§ **Exercise aim**: Return all of the material exactly; no line may be dropped.

§ **Supplied information**:

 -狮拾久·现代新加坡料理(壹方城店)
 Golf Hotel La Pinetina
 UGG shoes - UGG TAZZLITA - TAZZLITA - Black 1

§ **Solution to the exercise**:
 -狮拾久·现代新加坡料理(壹方城店)
 Golf Hotel La Pinetina
 UGG shoes - UGG TAZZLITA - TAZZLITA - Black 1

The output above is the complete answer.